**TASK**
Retype the data that follows line by line, exactly, and leave its pictures out.

+++ EXCERPTED DATA +++

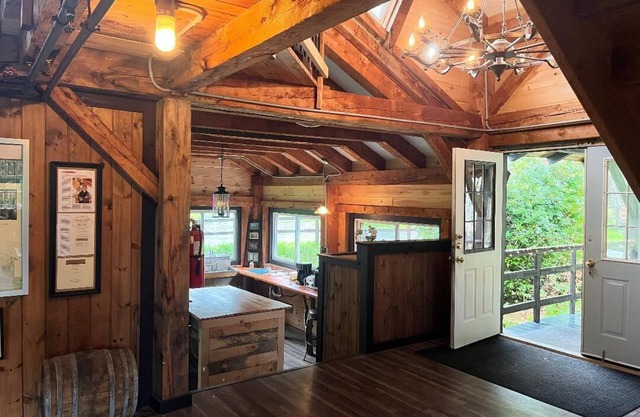 Rustic Vermont Mountain Lodge Retreat / Fall & Winter Exclusive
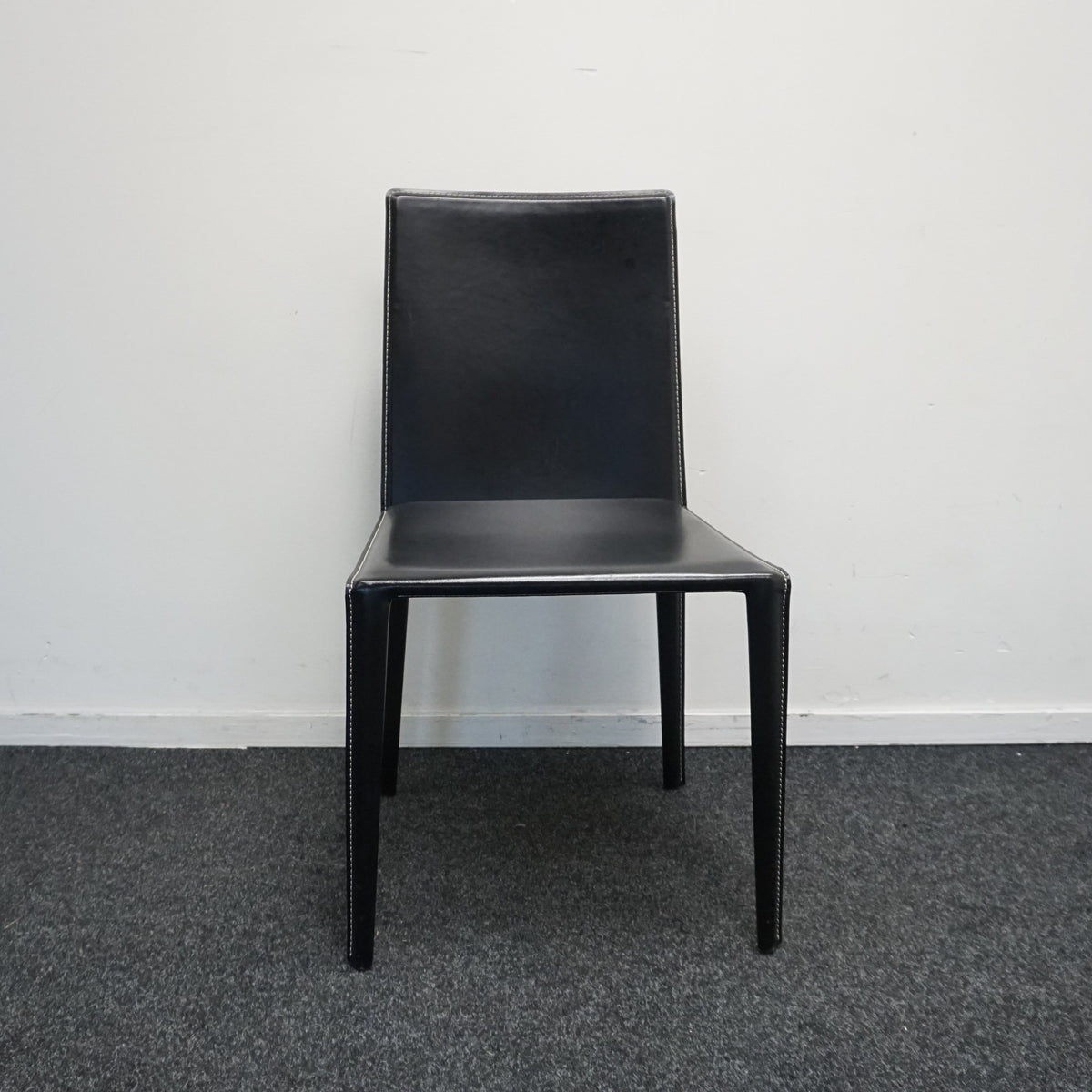 Arper Norma Design Stoel | Leer | Zwart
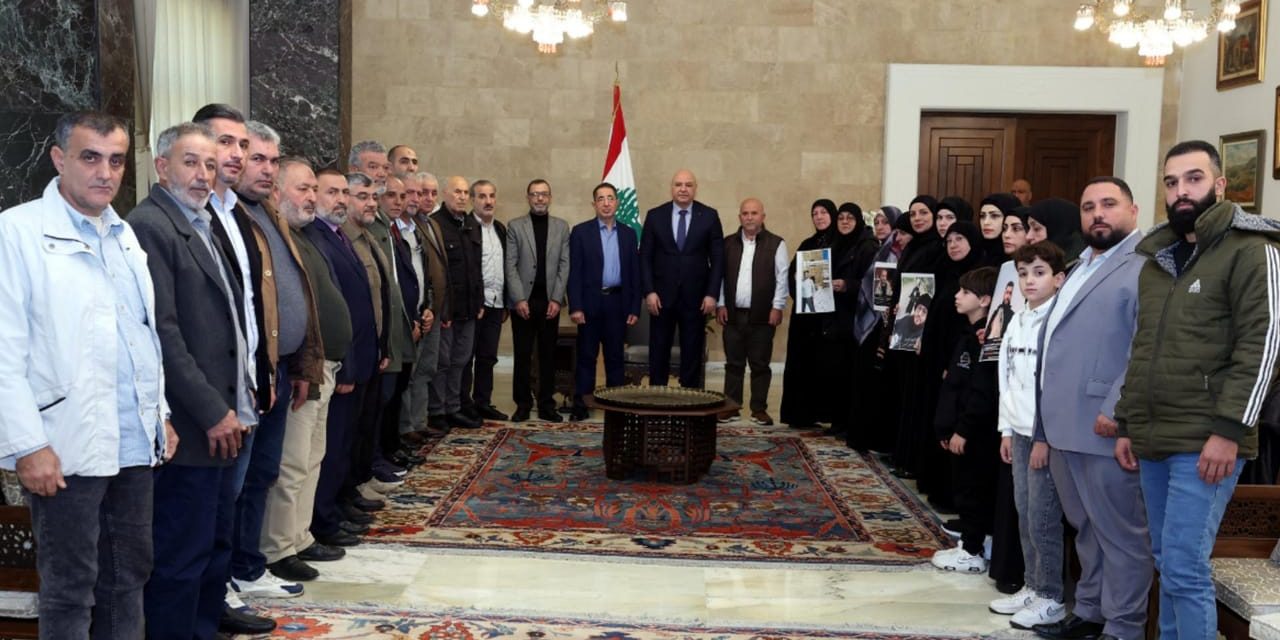 عون: عودة الأسرى المعتقلين في إسرائيل “أولوية” في المفاوضات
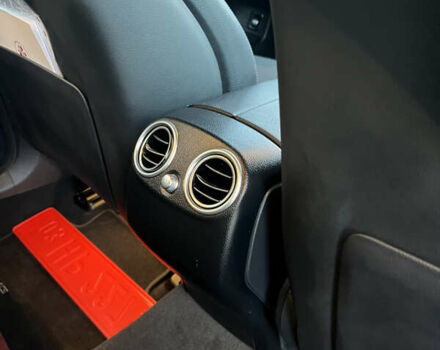 Серый Мерседес ГЛЦ-Класс, объемом двигателя 1.99 л и пробегом 154 тыс. км за 49800 $, фото 16 на Automoto.ua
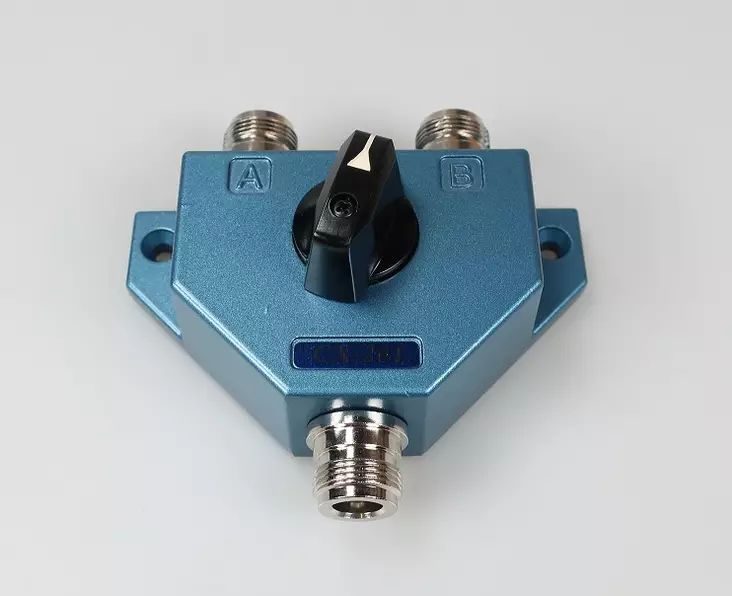 CX-201N ANTENNIN VAIHTAJA N-LIITTIMILLÄ - Antennivaihtajat - 612009 - 1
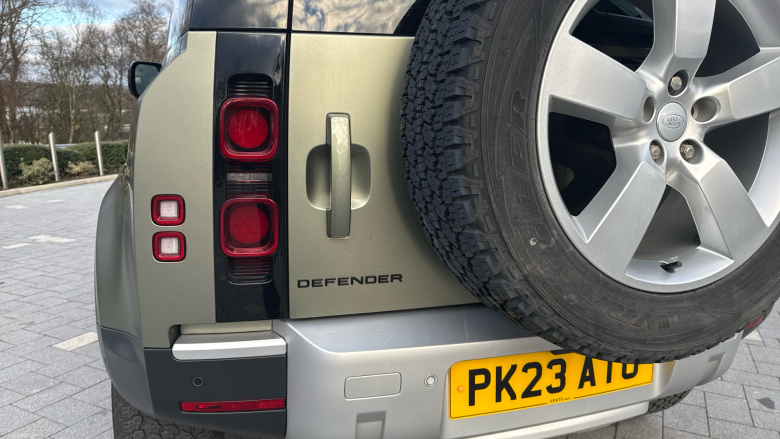 Land Rover Defender 3.0 D250 HSE 90 3dr Auto Diesel Estate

+++

**SOLUTION FOR THIS EXERCISE**
 Rustic Vermont Mountain Lodge Retreat / Fall & Winter Exclusive
 Arper Norma Design Stoel | Leer | Zwart
 عون: عودة الأسرى المعتقلين في إسرائيل “أولوية” في المفاوضات
 Серый Мерседес ГЛЦ-Класс, объемом двигателя 1.99 л и пробегом 154 тыс. км за 49800 $, фото 16 на Automoto.ua
 CX-201N ANTENNIN VAIHTAJA N-LIITTIMILLÄ - Antennivaihtajat - 612009 - 1
 Land Rover Defender 3.0 D250 HSE 90 3dr Auto Diesel Estate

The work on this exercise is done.